I look up and see the blue parachute above me. I look down, I see my feet, my familiar Converse shoes, and then a field, a long long way down. I am floating in the sky, it is silent, and wonderful. Except perhaps for the tightness across my chest.
The silence was unexpected, the guy on my back points out the sights as we descend. Great Yarmouth, Norwich, the sea, and so on.
Then, unexpectedly, it’s my turn to control. I put my hands in the yellow parachute chords and my instructor tells me what to do. Pull your right arm down, I do, and we swing downwards to the right, I lift up, and we stop. So responsive. Then the left arm, and we turn to the left, the more I pull down the sharper we turn. Then round and round and round, and now I’m just queasy from the dizziness.

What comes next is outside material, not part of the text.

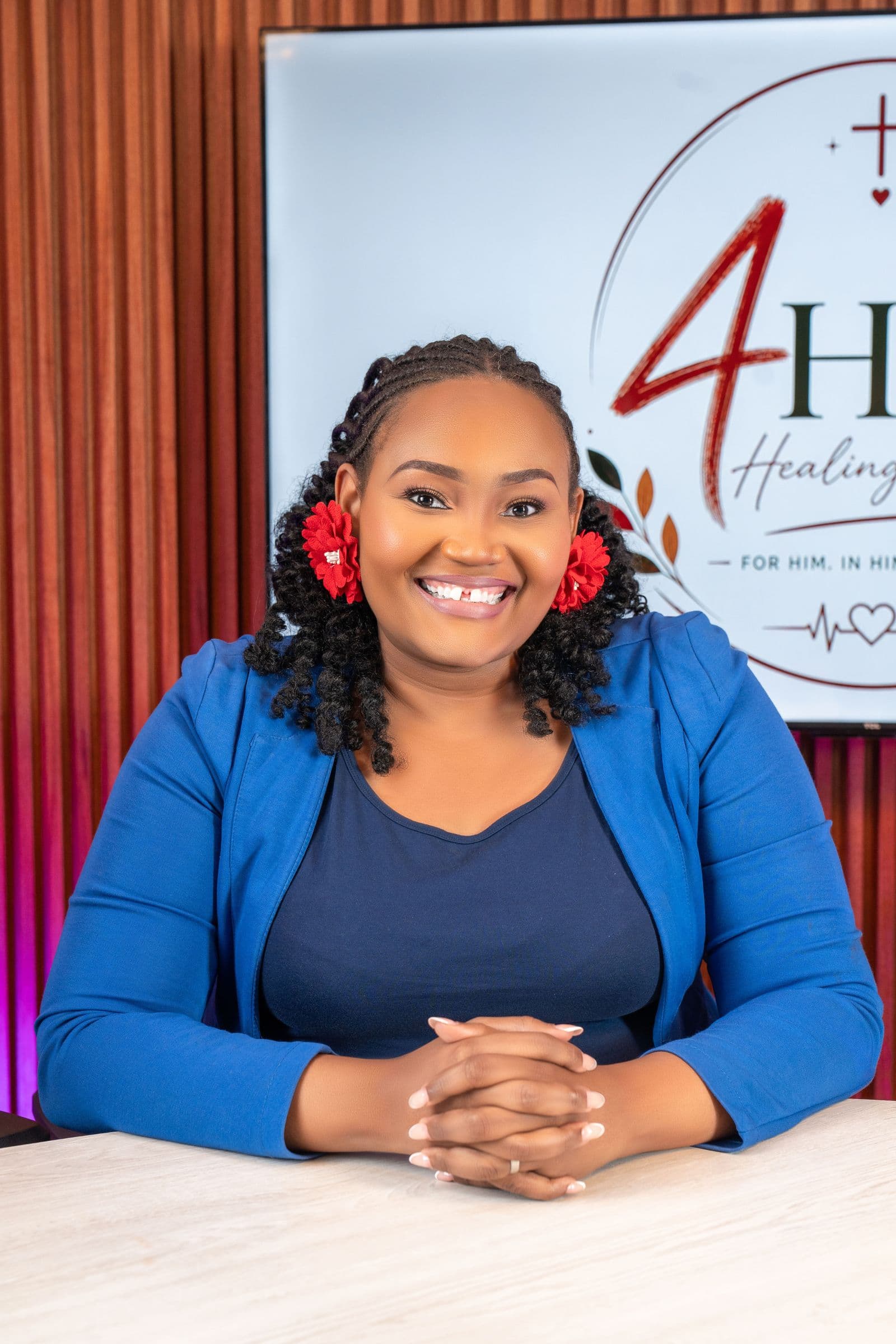 Ivy K. Mutuku on the set of her show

Beneath me I see the plane landing, and the landing zone. I relinquish control and we come in for our landing, legs up, legs up, and down, bums skidding across the grass, back on solid ground. With an ear to ear grin, I shake the guys hand and sit back to watch Marek and Linda landing behind me.
Woooo! Wow. Wow. How incredibly amazing was that? I celebrated with a victory croissant and we drove into Beccles for some lunch.
The fluffy white clouds cleared, and for the rest of the day we sat on the beautiful sandy Lowestoft beach. The English summer had finally arrived, and what a way to celebrate it. After some paddling, resting on the sand, a discussion about the best sand castle technique and some ice cream and Dr Pepper, we headed home.
The long drive south went faster this time. Over the QEII bridge at Dartford, the London skyline looked fabulous against the setting sun. We finished up with A Bob Dylan album, and we parted ways at Gatwick.
Would I do it again? Of course! But we may wait for Google Glass first.